§ **Requirement**
The entire listing below is to be reproduced exactly.

§ **Recorded information**
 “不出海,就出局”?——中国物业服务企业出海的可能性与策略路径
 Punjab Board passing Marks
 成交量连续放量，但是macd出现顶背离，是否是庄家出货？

§ **Your solution**
 “不出海,就出局”?——中国物业服务企业出海的可能性与策略路径
 Punjab Board passing Marks
 成交量连续放量，但是macd出现顶背离，是否是庄家出货？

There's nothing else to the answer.